Sprite hardware varies in how many sprites are supported, how many can be displayed on a single scan line (which is often a lower number), the dimensions and colors of each sprite, and special effects such as scaling or reporting pixel-precise overlap. Use of the term sprite has expanded to refer to any two-dimensional bitmap used as part of a graphics display, even if drawn into a frame buffer (by either software or a GPU) instead of being composited on-the-fly at display time.

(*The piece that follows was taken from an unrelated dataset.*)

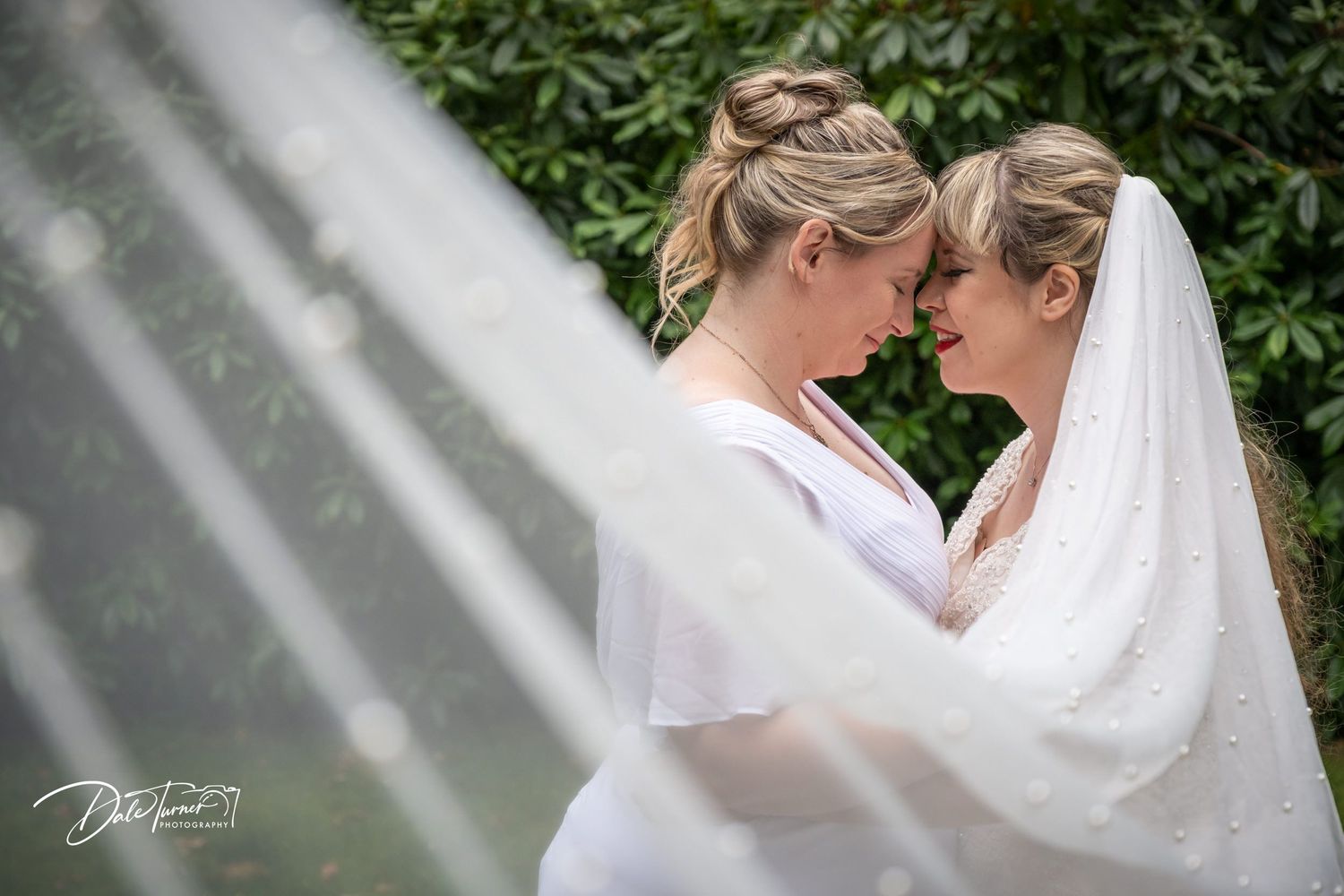 Intimate wedding portrait through a veil with green foliage background.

Signetics devised the first chips capable of generating sprite graphics (referred to as objects by Signetics) for home systems. The Signetics 2636 video processors were first used in the 1978 1292 Advanced Programmable Video System and later in the 1979 Elektor TV Games Computer. The Atari VCS, released in 1977, features a hardware sprite implementation where five graphical objects can be moved independently of the game playfield. The term sprite was not in use at the time. The VCS's sprites are called movable objects in the programming manual, further identified as two players, two missiles, and one ball. These each consist of a single row of pixels that are displayed on a scan line. To produce a two-dimensional shape, the sprite's single-row bitmap is altered by software from one scan line to the next.
The 1979 Atari 400 and 800 home computers feature similar, but more elaborate, circuitry capable of moving eight single-color objects per scan line: four 8-bit wide players and four 2-bit wide missiles. Each is the full height of the display—a long, thin strip. DMA from a table in memory automatically sets the graphics pattern registers for each scan line. Hardware registers control the horizontal position of each player and missile. Vertical motion is achieved by moving the bitmap data within a player or missile's strip. The feature was called player/missile graphics by Atari.
The Namco Galaxian arcade system board, for the 1979 arcade game Galaxian, featured animated, multi-colored sprites. It pioneered a sprite system that animated pre-loaded sprites over a scrolling background, which became the basis for Nintendo's Radar Scope and Donkey Kong arcade hardware and home consoles such as the Nintendo Entertainment System. According to Steve Golson from General Computer Corporation, the term "stamp" was used instead of "sprite" at the time.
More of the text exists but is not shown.